A series of Israeli airstrikes that left dozens of people dead in a Gaza Strip neighborhood were conducted "without warning" and "with limited intelligence about what they were attacking," an investigation published Thursday determined.
The New York Times video probe, which relies in part on Anadolu Agency footage, examines Israeli airstrikes that targeted the upscale Rimal neighborhood using some of the Israeli military's largest bombs.
The strikes flattened three apartment buildings in the early morning hours of May 16, resulting in 44 deaths in what marks the single deadliest incident of Israel's 11-day air campaign.

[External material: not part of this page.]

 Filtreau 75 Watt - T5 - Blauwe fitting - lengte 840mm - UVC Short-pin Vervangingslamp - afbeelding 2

Israel says the strikes targeted an underground Hamas command center, and while "there is no evidence Israel struck or directly targeted the apartment buildings," experts told the US newspaper the types of strikes that were documented "can easily lead to catastrophe and could be a war crime."

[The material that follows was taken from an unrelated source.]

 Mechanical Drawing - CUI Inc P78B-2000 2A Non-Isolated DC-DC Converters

The Israeli military told the Times that while they targeted the Hamas command center, they did not know its exact location, nor its size. It did not provide evidence of the alleged command center, and Hamas denied it exists.
Bomb fragments presented to the newspaper by Gaza police indicate the bombs dropped on al-Wahda street in Rimal where the apartments were located were American-made 2,000-pound GBU-31 Mark 84 bombs outfitted with GPS equipment that allows for precision targeting.
At least four were likely dropped by the Israeli Air Force "within feet" of the apartment buildings, the investigation found.
The Israeli military maintains that all of the bombs hit their designated targets, but that does not mean the strikes were in compliance with international law.
May's 11-day conflict resulted in 257 Palestinians, including 66 children, losing their lives. Thirteen people were killed in Israel due to Palestinian rocket fire, including two children.